I’ve offered some Jewish insights for why it’s better to love others than to judge others. But truly every major religion has wisdom to offer on this subject. There is no religion that teaches us to hate; instead, all religions preach different ways and reasons to love those around us, and to promote civil conversations. And so, this coming year, the Wakefield Interfaith Clergy Association and the Wakefield Human Rights Commission are partnering to create a series of events aimed at ameliorating Wakefield’s civil discourse. The details are still being worked out, but the current plan is to have a speaker series at the public library to offer religious insights as to why civility and respect for others are crucial to our democracy and coexistence. If we can’t talk to each other, how can we ever work together, learn from one another, let alone ever love one another? As we read from the sages in the Ethics of our Fathers: “Who is wise? The person who learns from all people.”

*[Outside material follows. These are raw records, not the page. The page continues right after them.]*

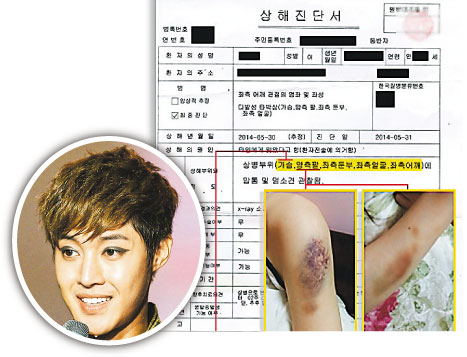 金贤重涉嫌殴打前女友女方伤势严重照片曝光(图)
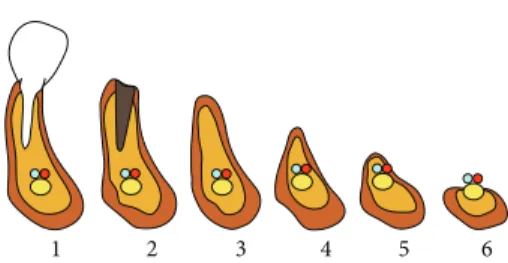 Figure 1: Classification system of six atrophy stages in the mandible according Cawood and Howell (1988)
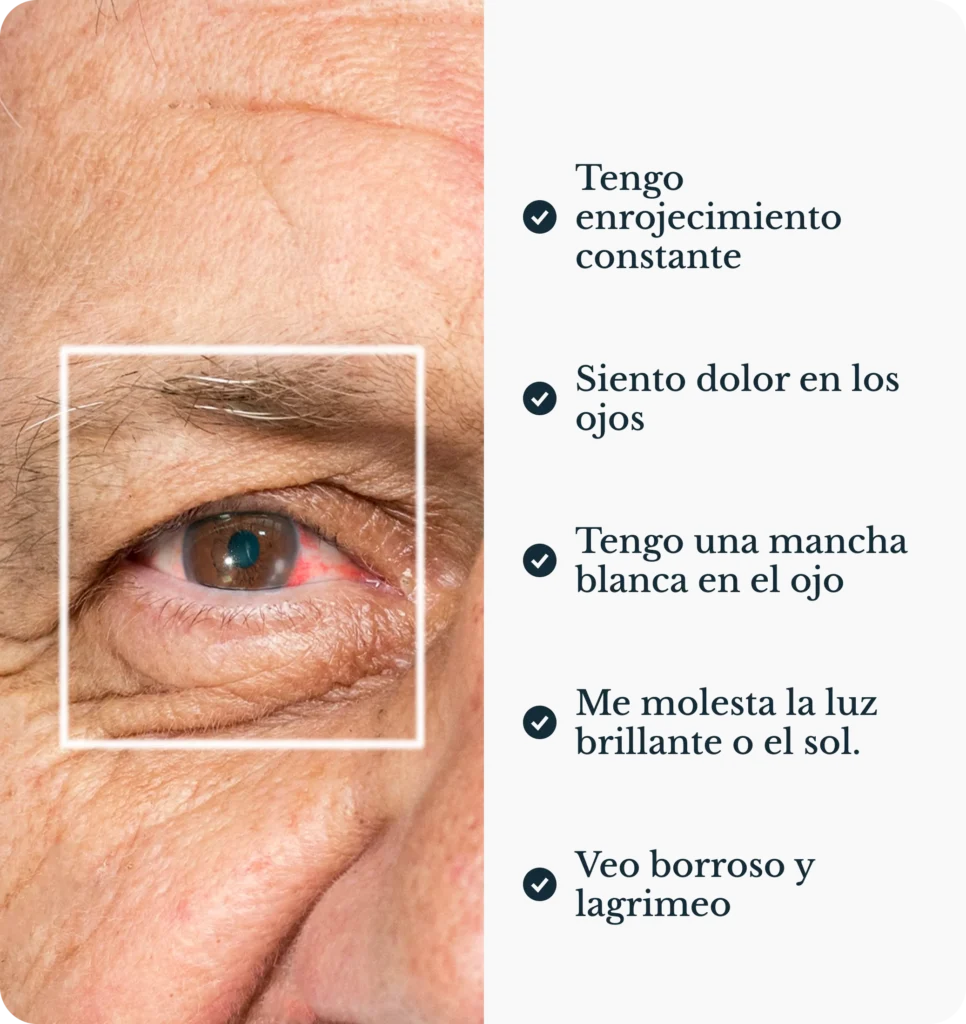 Leucoma en la córnea: opacidad blanquecina que causa disminución de la visión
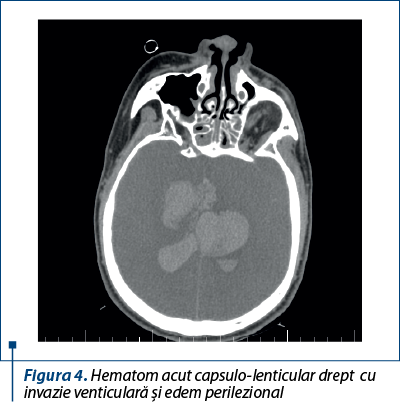 Figura 4. Hematom acut capsulo-lenticular drept  cu invazie venticulară şi edem perilezional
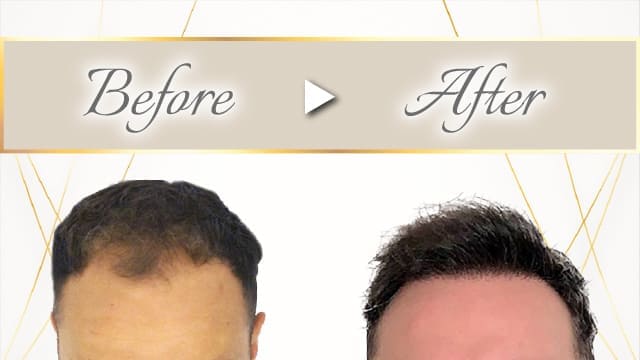 植毛施術事例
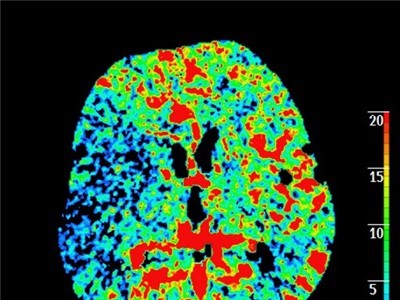 Snížený krevní průtok v pravé mozkové hemisféře při cévní mozkové příhodě. Foto: Krajská zdravotní, a.s. 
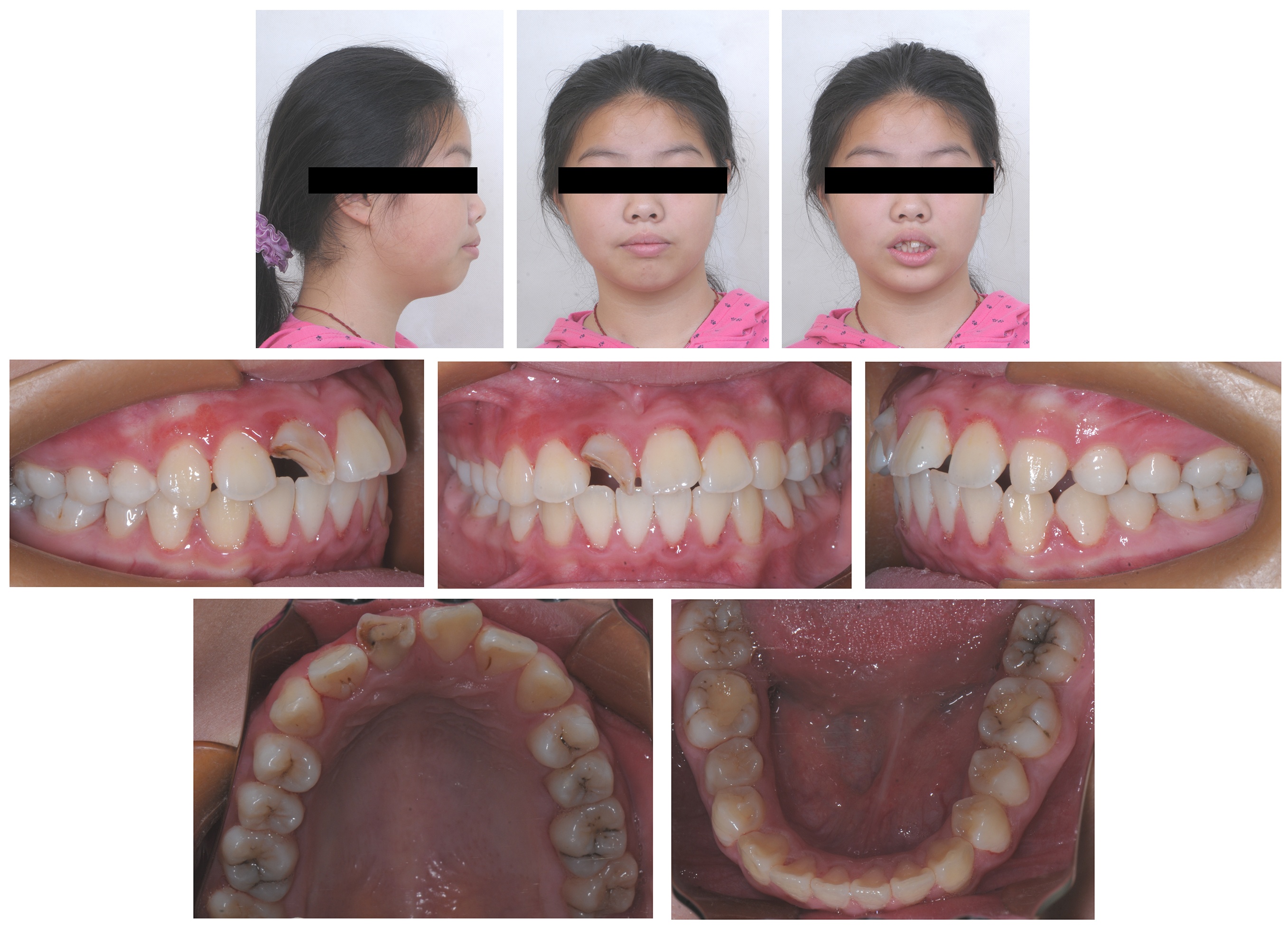Pretreatment facial and intraoral photographs.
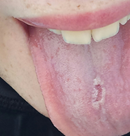 mouth burn from sour candy
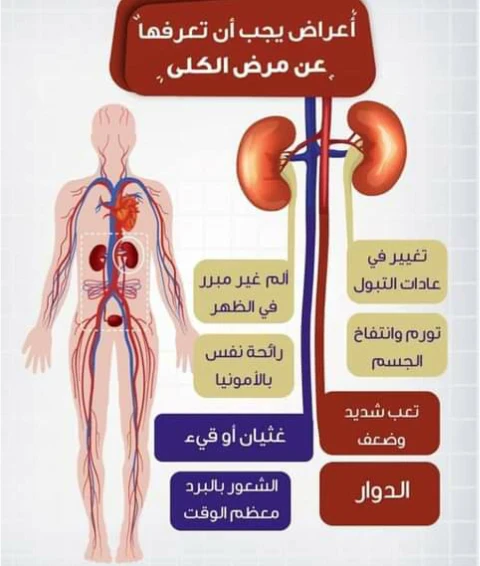 image about الفلتر الحيوي الذي قد يتعطل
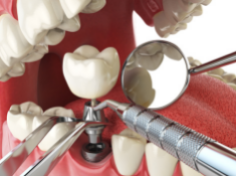 When Is It Best To Get A Dental Implant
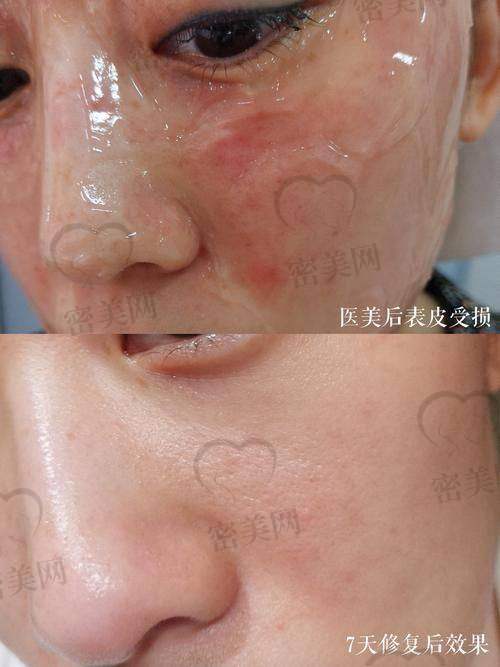 深圳八大处整形美容医院：敏感肌也能放心祛斑的地方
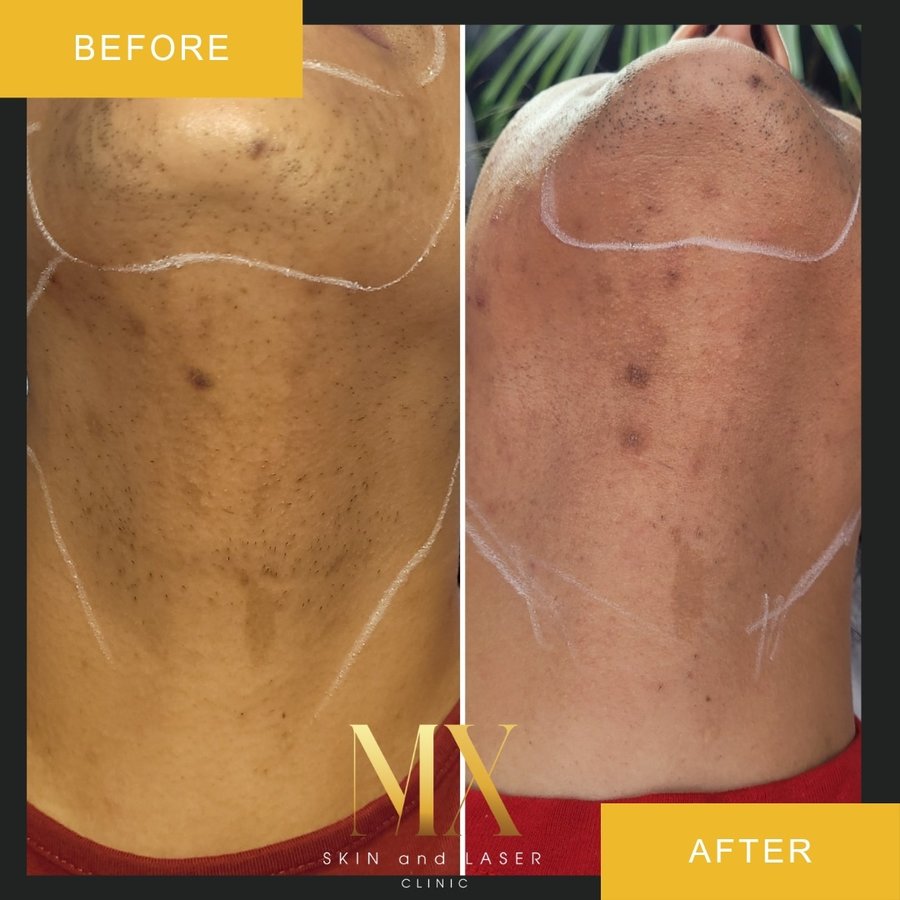 MX Skin and Laser Clinic - MX Skin and Laser Clinic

While I’m no sage, I ask, “who is G-dly? The person who imitates G-d.” Throughout the High Holiday liturgy, we sing of G-d’s 13 attributes of compassion. It is through these holy attributes that we get a better understanding of what the highest forms of mercy and compassion can look like. So as we’re constantly reminding G-d that G-d should be merciful toward us, we can use those same words as a roadmap for ourselves. G-d, or “me”, Compassionate and Gracious, slow to anger and abundant in kindness and truth, Preserver of kindness for thousands, Forgiver of iniquity, willful sin, and error, and Who has the power to Cleanse.” Even if we can’t be as compassionate as G-d, we can start learning G-d’s ways through our liturgy. The heart of Torah, to love the person near us as much as we love ourselves, is not easy to attain, but it’s worth the effort. And if you try it, you’ll experience the wholesome beauty of Jewish wisdom.